“yMusic’s performances live in the territory, genre-wise, that has emerged in the last decade between indie rock and classical music,” said Aaron Greenwald, Executive Director of Duke Performances. “They have an idiosyncratic instrumentation that has enabled them to commission really talented composers who are their contemporaries, more or less, to write new music specific to their ensemble.”
The performance is part of a broader year-long residency at Duke University. Given that yMusic’s success is deeply entrenched in their collaboration with composers, Duke offered them a year-long residency in order to to read, rehearse and record the music of the students in the PhD program for composition. The residency gives yMusic the opportunity to interact with the next generation of contemporary composers but also grants the composers in the program the challenge to compose within the framework of yMusic’s unique instrumentation.
“They perform other people’s music, but there’s still a kind of aesthetic to the composers who write for yMusic because yMusic has worked so much with pop and indie groups,” said William Robin, a PhD candidate in Musicology at UNC. Robin has studied yMusic for his dissertation and written about them for the New York Times. “To a certain extent, composers today have grown up with both pop music and classical music and they generally split into one or the other. Since yMusic has fluency in both of those languages, it allows them to position themselves as a group to perform as a back-up to indie groups or as a classical music group.”
yMusic was formed when old friends who played back-up for Sufjan Stevens reconnected after playing for The National. While chatting, they observed the disparity between a band playing together since high school and a motley set of instrumentalists hired for an individual show. From this conversation, they conceived of yMusic as a cohesive group that boasted classical fluency and the camaraderie of a garage band.
“One of the first and best decisions we made was that we would build the group based on individuals, rather than instrumentation, which yielded the challenge of having no existing repertoire, but the opportunity to assemble a truly unique group,” said Rob Moose, the violinist of yMusic, over email. “Still, we play chamber music, purely and simply.”
Although yMusic is rooted in chamber music, the members have performed in a variety of engagements, ranging from playing in the New York Philharmonic to backing Bon Iver in his last tour. This has permitted the group to work with composers who interact and direct the musicians in diverse ways, whether through recorded ideas, exported midi files or the more familiar pristine notation.
“There have been all kinds of music cross-pollinations over time, certainly as long as there has been popular and folk music, but I think one could argue that CD stores stopped being the place where genre is defined, so it has become easier to craft a cross-over career,” said Greenwald. “There’s a huge concern amongst classical music lovers that the audiences are getting older and older, so there are experiments from younger musicians, like in yMusic, to make music appropriate and to connect with people their age.”
The concert at the Casbah is just one of the many ways in which yMusic continues to expand the audience of classical music.

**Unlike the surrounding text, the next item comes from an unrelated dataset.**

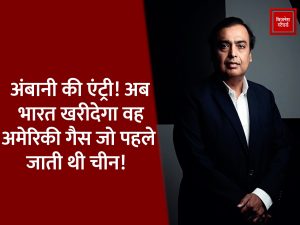 MUKESH AMBANI DEAL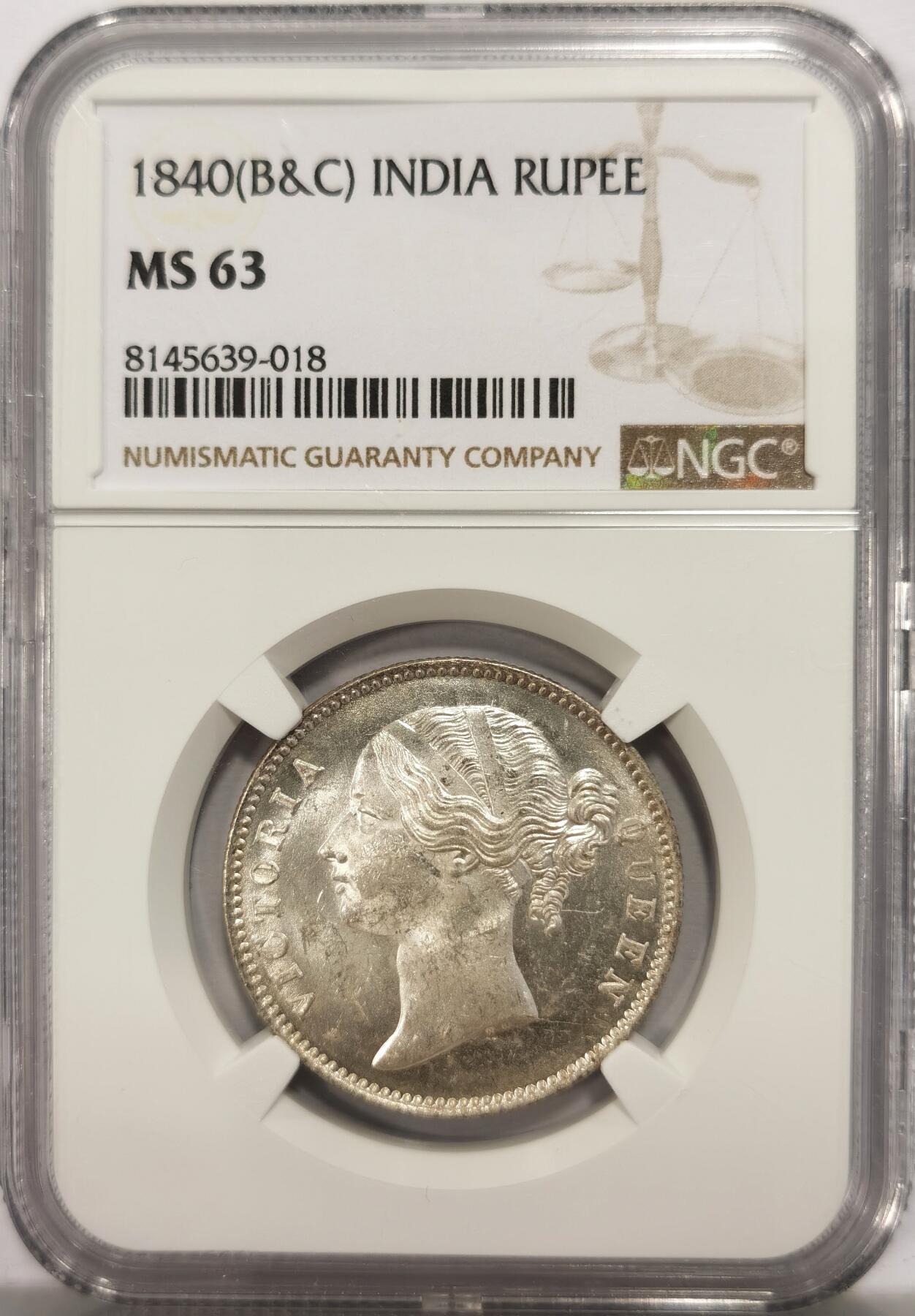 博洋堂世界钱币拍卖第130期（全场包邮） NGC MS63 英属东印度公司1840年维多利亚双辫版1卢比银币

They have a full album’s worth of new material that they will be playing at the Casbah, which will include pieces by Timothy Andres, Marcos Balter, Mark Dancigers, Nico Muhly, Andrew Norman, Jeremy Turner and Sufjan Stevens. On the same day as the show, they will be premiering their 7” EP, "Year of the Dragon."
“Our musicality and execution is informed by years of studying classical chamber music, in the form of string and woodwind quartets, and our performance aesthetic is informed equally by the concert hall and the rock club,” said Moose. “We always like to say that we bring the energy of a rock show to chamber music, and the precision of classical music to indie rock.”